▸ WHAT TO PRODUCE: Starting with the line that contains "Şarj olan bir", repeat each line exactly through the final line of the listing. No picture should appear in the copy.

▸ INFORMATION SUPPLIED:
<<<<

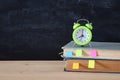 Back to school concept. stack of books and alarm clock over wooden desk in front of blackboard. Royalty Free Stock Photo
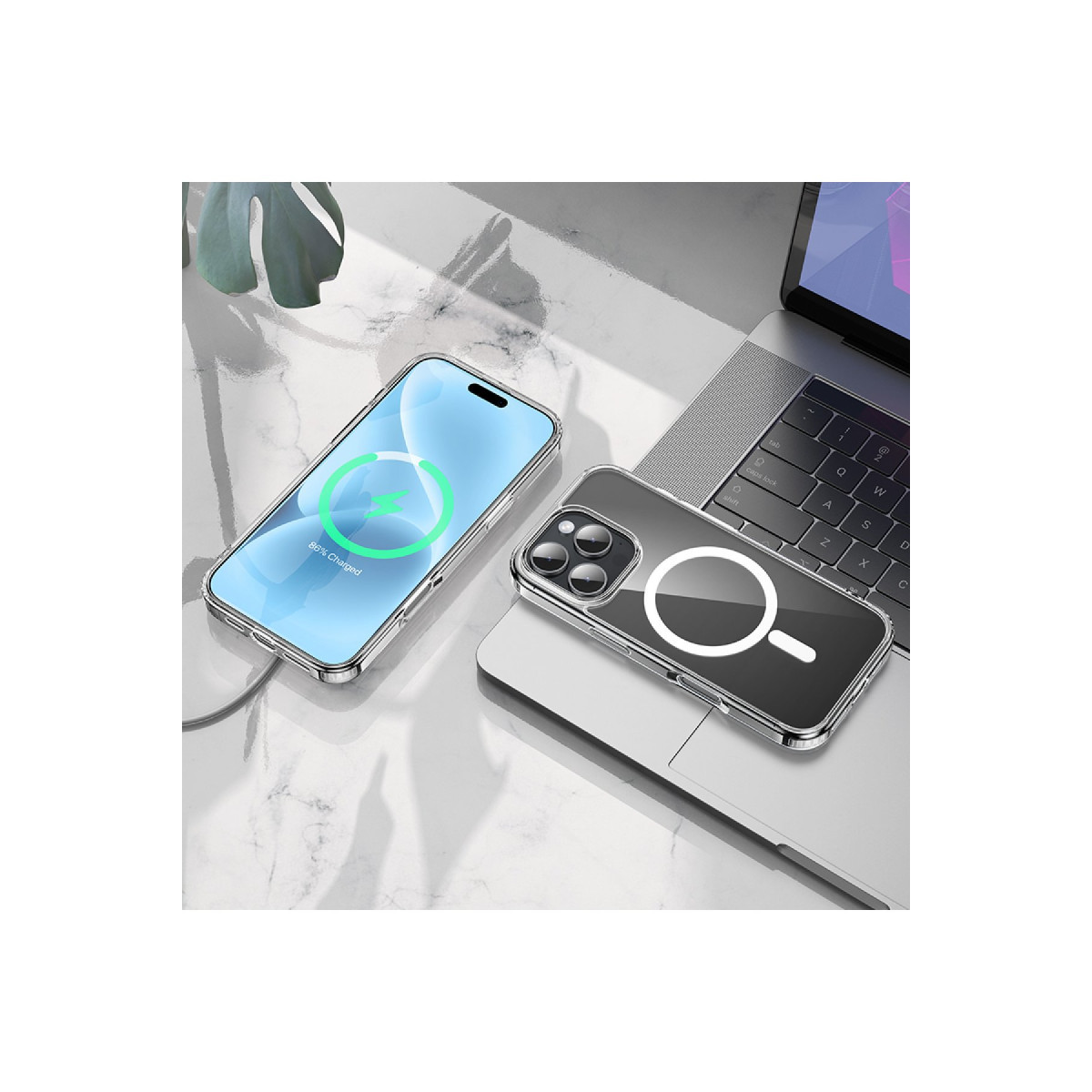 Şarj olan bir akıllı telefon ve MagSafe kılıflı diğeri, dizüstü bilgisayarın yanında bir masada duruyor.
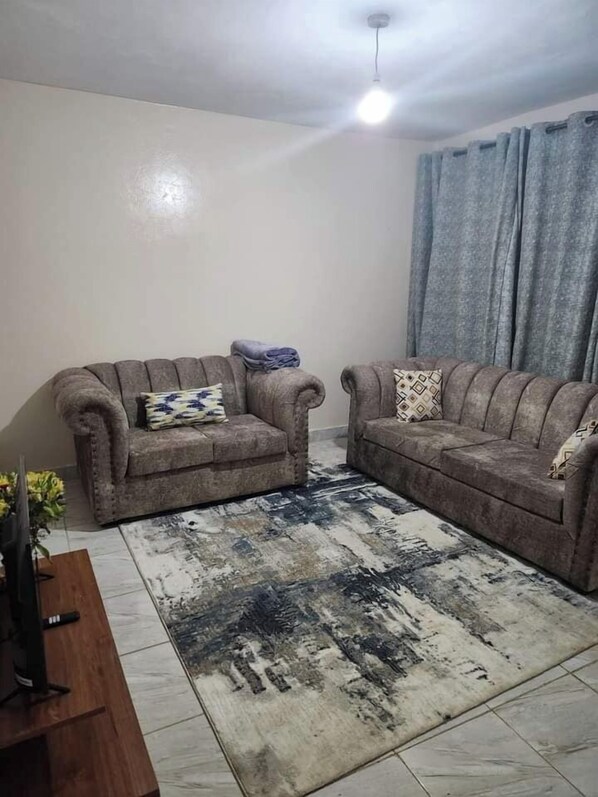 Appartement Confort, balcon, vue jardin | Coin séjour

>>>>

▸ RESPONSE TO THIS EXERCISE:
 Şarj olan bir akıllı telefon ve MagSafe kılıflı diğeri, dizüstü bilgisayarın yanında bir masada duruyor.
 Appartement Confort, balcon, vue jardin | Coin séjour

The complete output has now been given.